The livestream is slated to begin at 7 p.m. Eastern time. Those who want to attend can secure a free ticket by verifying their voter registration status — or, for those unable to vote in the United States, pledging to participate in the next election for which they’re eligible — on HeadCount’s website before 6 p.m. on Thursday. Those who miss the cutoff can buy a ticket for $20; the proceeds will benefit HeadCount.
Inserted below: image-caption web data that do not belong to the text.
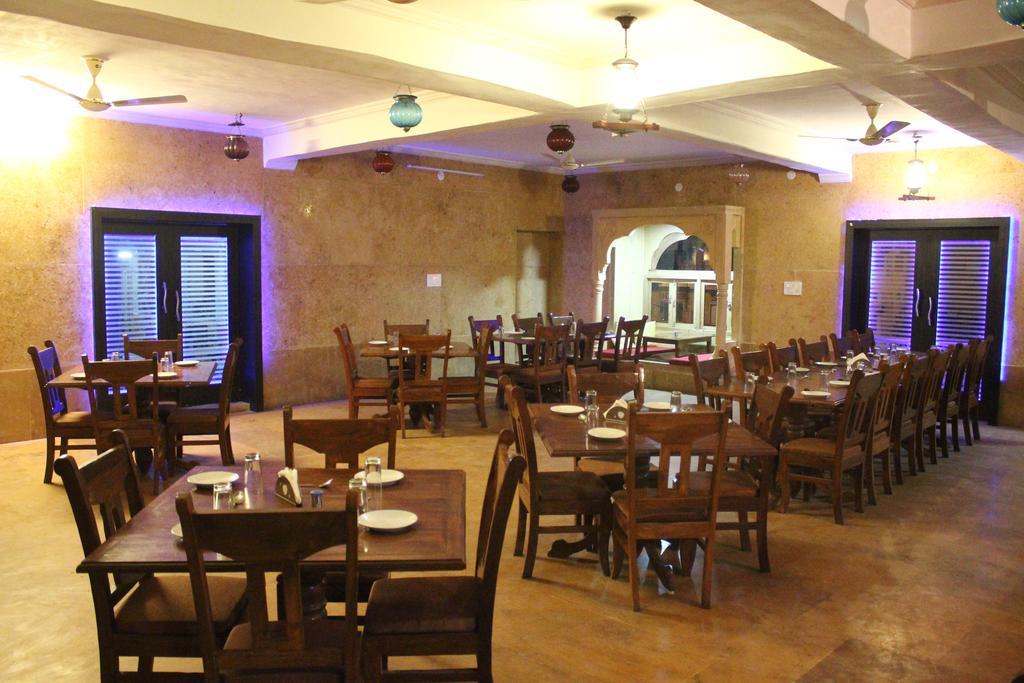 Hotel Prince-Near Jaisalmer Fort מראה חיצוני תמונה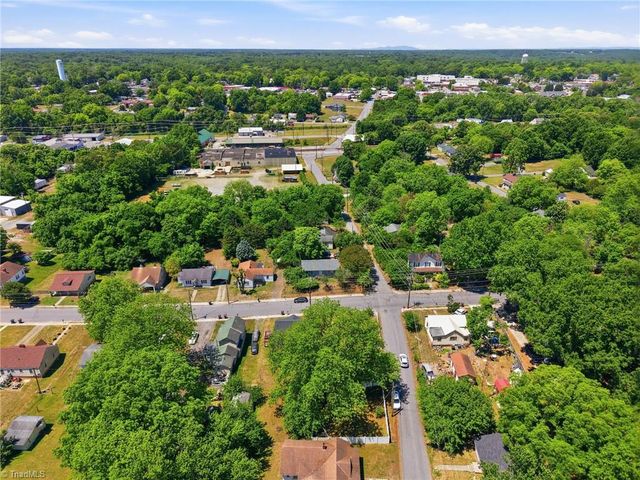 901 Montgomery Street, Reidsville, NC 27320
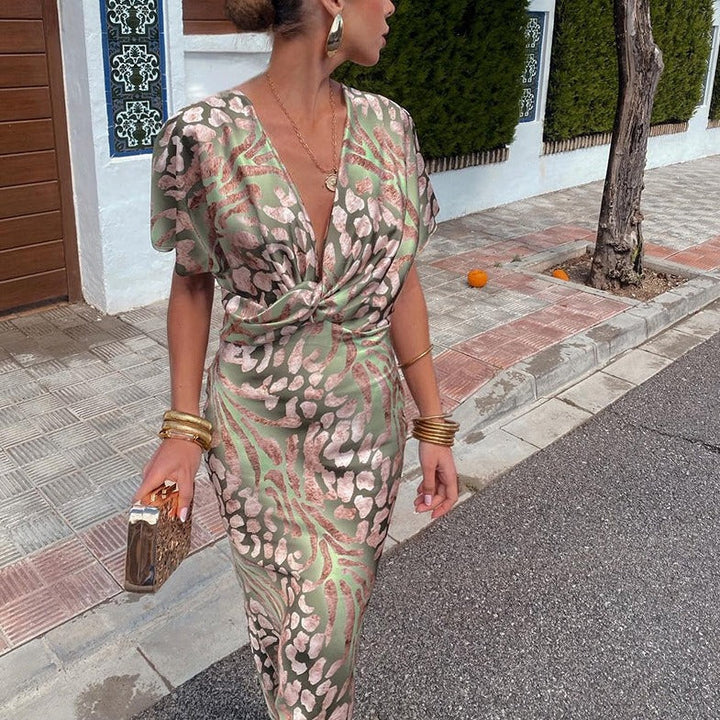 Kelsey | Women's Long dress with V-neckline and twisted detail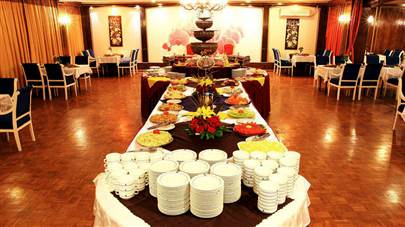 رستوران هتل پارسیان عالی قاپو اصفهان رستوران هتل پارسیان عالی قاپو اصفهان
For Latinx People, by Latinx People
Despite the amount of great political satire on television from comics like Samantha Bee, John Oliver and Trevor Noah, Latinx people in the United States lack similar representation. Accordingly, they suffer an endless barrage of news stories about anti-immigration, crime, drug trafficking and discrimination without any comedians to provide much-needed levity from a Latin American perspective.
Enter “The Totally Fake Latino News,” a video series currently streaming free on the La Jolla Playhouse’s website, Facebook page and YouTube channel at least through September. The shows are the creation of Culture Clash, led by Richard Montoya, Ric Salinas and Herbert Siguenza. Specializing in theater, the performance troupe has risen to the challenge of finding new ways to deliver insightful commentary during the pandemic.
“It’s a humbling lesson,” Montoya said in a phone interview. “Covid-19 and the Confederacy caught up to each other and forced our hand as satirists and citizens.”
“Fake Latino News” highlights Culture Clash’s sophisticated approach to satire, for which the troupe uses multiple genres and styles to tell compelling stories in 10- to 12-minute installments. The first episode features a Barney-like dinosaur singing to kids about deportation and a Bob Ross-inspired figure painting a barrio. So far, the series has amassed almost a half-million views, proving cultural specificity can turn even politics into a must-see event.